#### [LISTED RECORDS]
——————

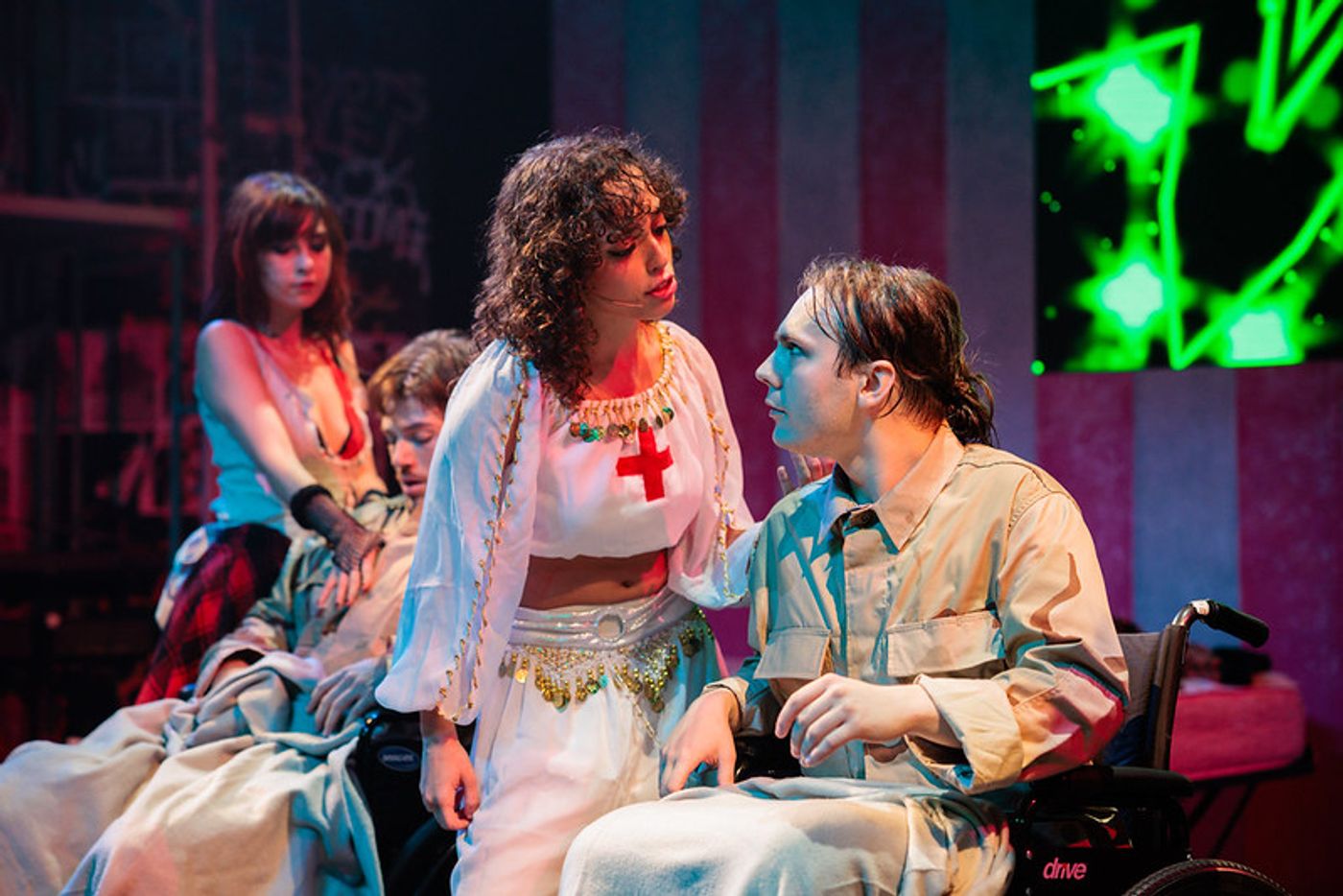 Photos/Video: Green Day's AMERICAN IDIOT Presented By Jobsite Image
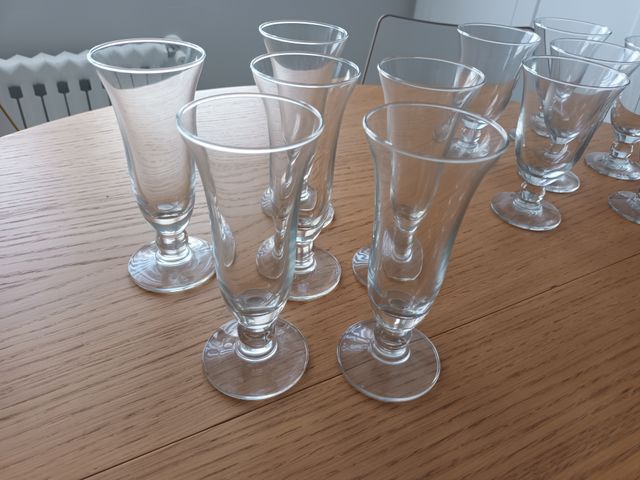 Juego 18 copas de cristal modernas sin usar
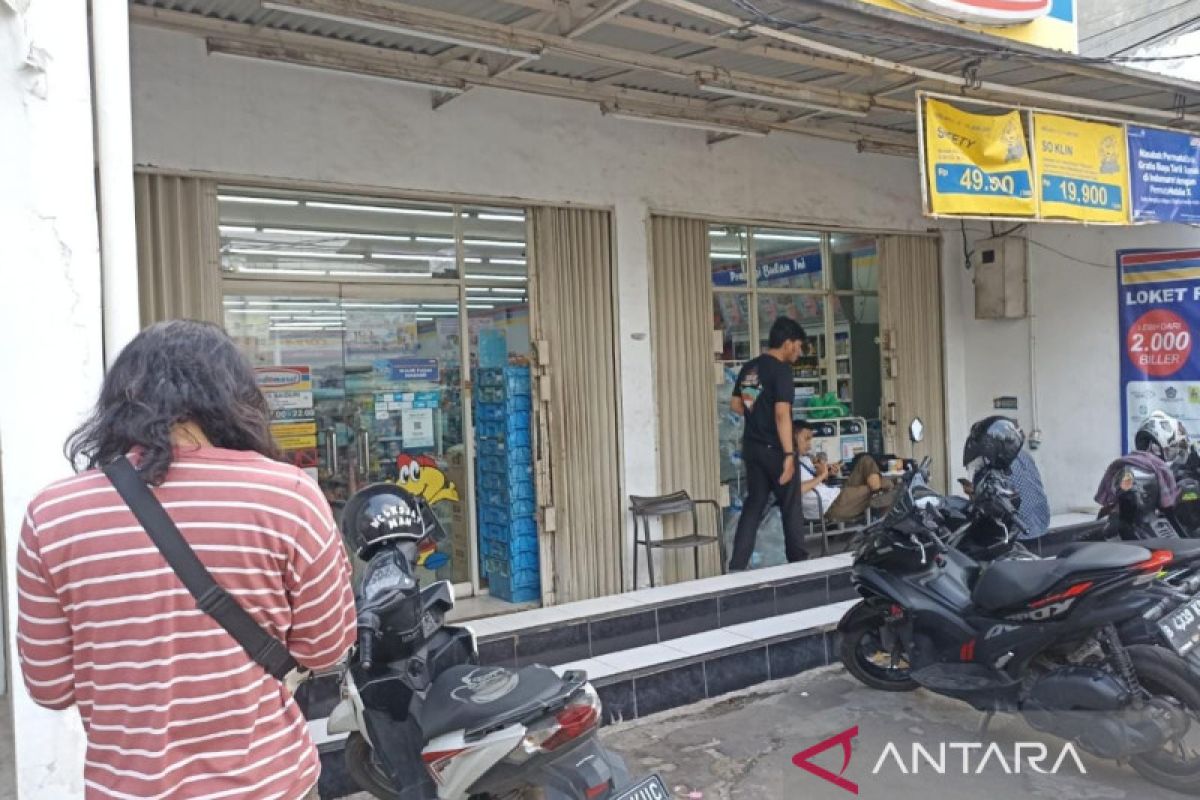 Polisi buru perampok bersenjata api di minimarket di Jatinegara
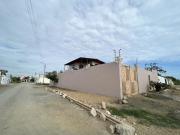 COSTA DE ORO: AMPLIO Y ALTO TERRENO Y CASA CERCA DEL MAR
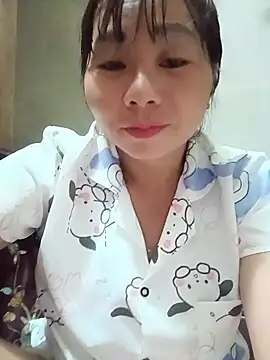 vangkt-cute online show from July 23, 2026, 1:09 pm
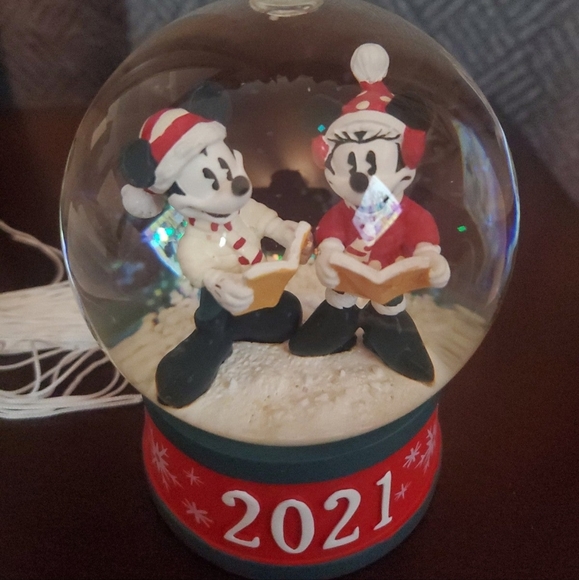 🎈 3/$20 Mickey snowglobe - Picture 5 of 6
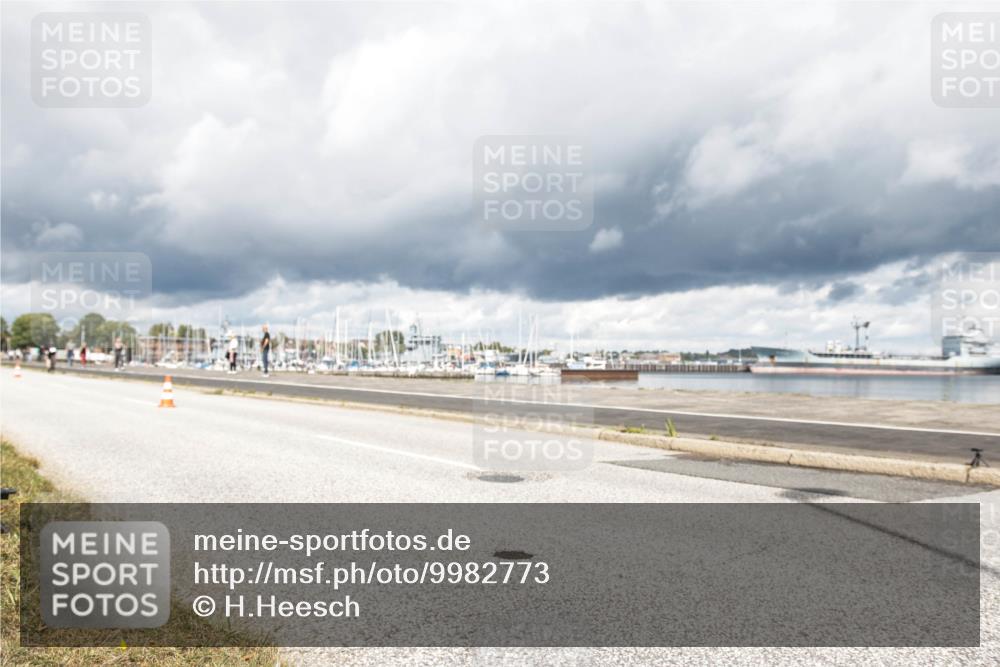 16.08.2026 - KN Förde Triathlon 2026 H.Heesch http://msf.ph/oto/9982773 16.08.2026 12:53:23 Radfahren 517, 556, 569, 588, 719 meine-sportfotos.de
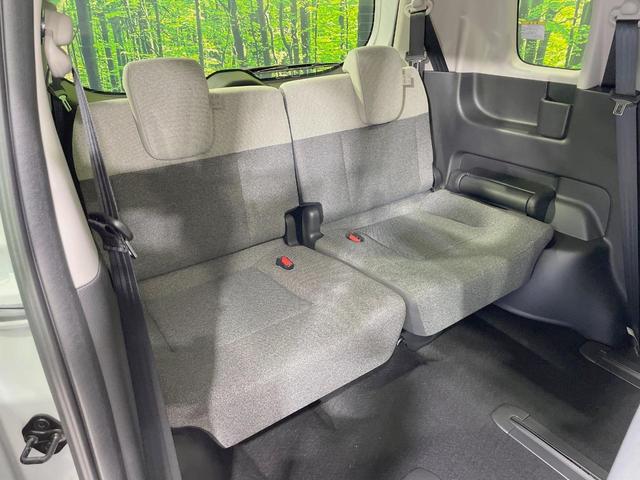 フリード エアー　登録済未使用車　純正８型ディスプレイ　バックカメラ　両側電動スライドドア　ホンダセンシング　アダプティブクルーズ　ＬＥＤヘッドライト　Ｂｌｕｅｔｏｏｔｈ再生　スマートキー　オートエアコン（9枚目）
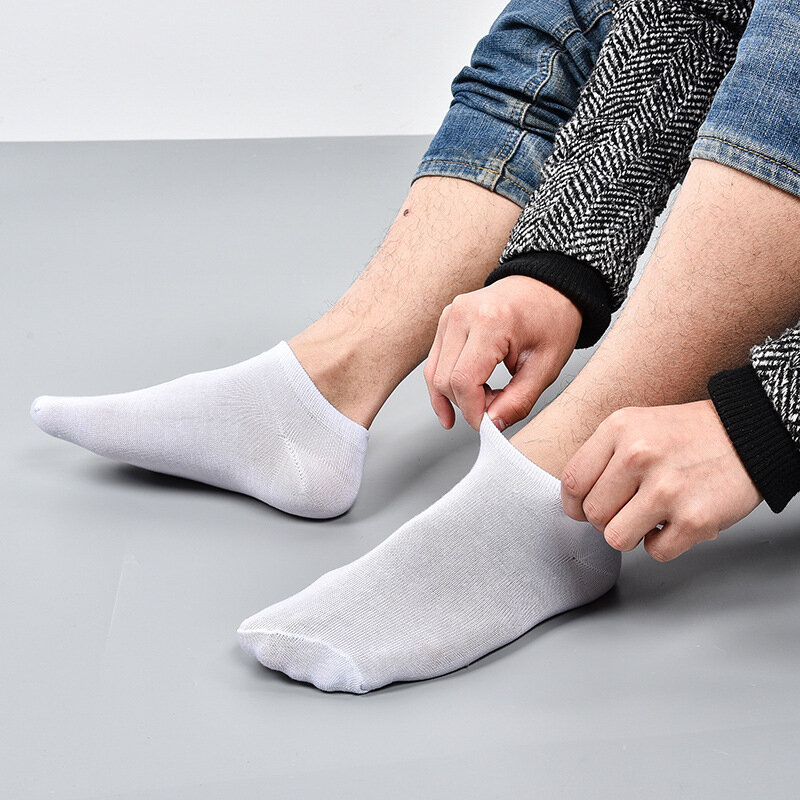 جوارب كلاسيكية بلون واحد جوارب غير مرئية الفم الضحلة جوارب قطنية غير قابلة للانزلاق يمكن ارتداؤها من قبل الرجال والنساء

——————

Send back the data above word for word, with the pictures left out.

 Photos/Video: Green Day's AMERICAN IDIOT Presented By Jobsite Image
 Juego 18 copas de cristal modernas sin usar
 Polisi buru perampok bersenjata api di minimarket di Jatinegara
 COSTA DE ORO: AMPLIO Y ALTO TERRENO Y CASA CERCA DEL MAR
 vangkt-cute online show from July 23, 2026, 1:09 pm
 🎈 3/$20 Mickey snowglobe - Picture 5 of 6
 16.08.2026 - KN Förde Triathlon 2026 H.Heesch http://msf.ph/oto/9982773 16.08.2026 12:53:23 Radfahren 517, 556, 569, 588, 719 meine-sportfotos.de
 フリード エアー　登録済未使用車　純正８型ディスプレイ　バックカメラ　両側電動スライドドア　ホンダセンシング　アダプティブクルーズ　ＬＥＤヘッドライト　Ｂｌｕｅｔｏｏｔｈ再生　スマートキー　オートエアコン（9枚目）
 جوارب كلاسيكية بلون واحد جوارب غير مرئية الفم الضحلة جوارب قطنية غير قابلة للانزلاق يمكن ارتداؤها من قبل الرجال والنساء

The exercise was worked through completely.